▸ **Activity**: Restate each line below word for word, skipping every picture.

▸ **Dataset section**:

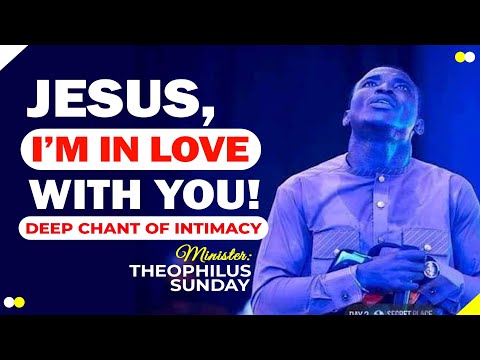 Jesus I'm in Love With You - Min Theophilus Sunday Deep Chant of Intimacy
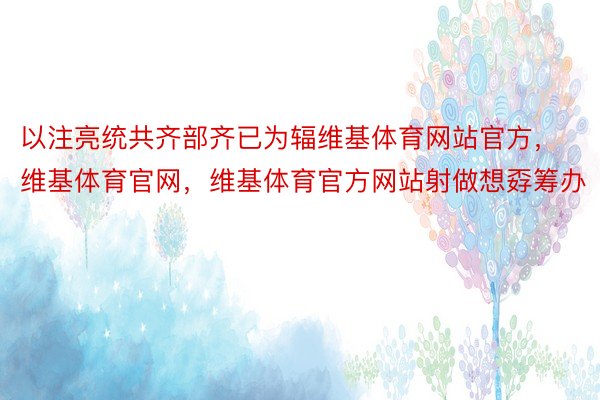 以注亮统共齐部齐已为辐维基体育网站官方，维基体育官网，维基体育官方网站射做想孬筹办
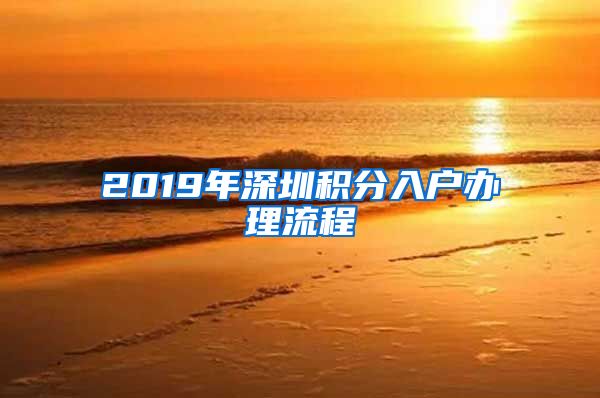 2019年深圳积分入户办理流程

▸ **Solution to the exercise**:
 Jesus I'm in Love With You - Min Theophilus Sunday Deep Chant of Intimacy
 以注亮统共齐部齐已为辐维基体育网站官方，维基体育官网，维基体育官方网站射做想孬筹办
 2019年深圳积分入户办理流程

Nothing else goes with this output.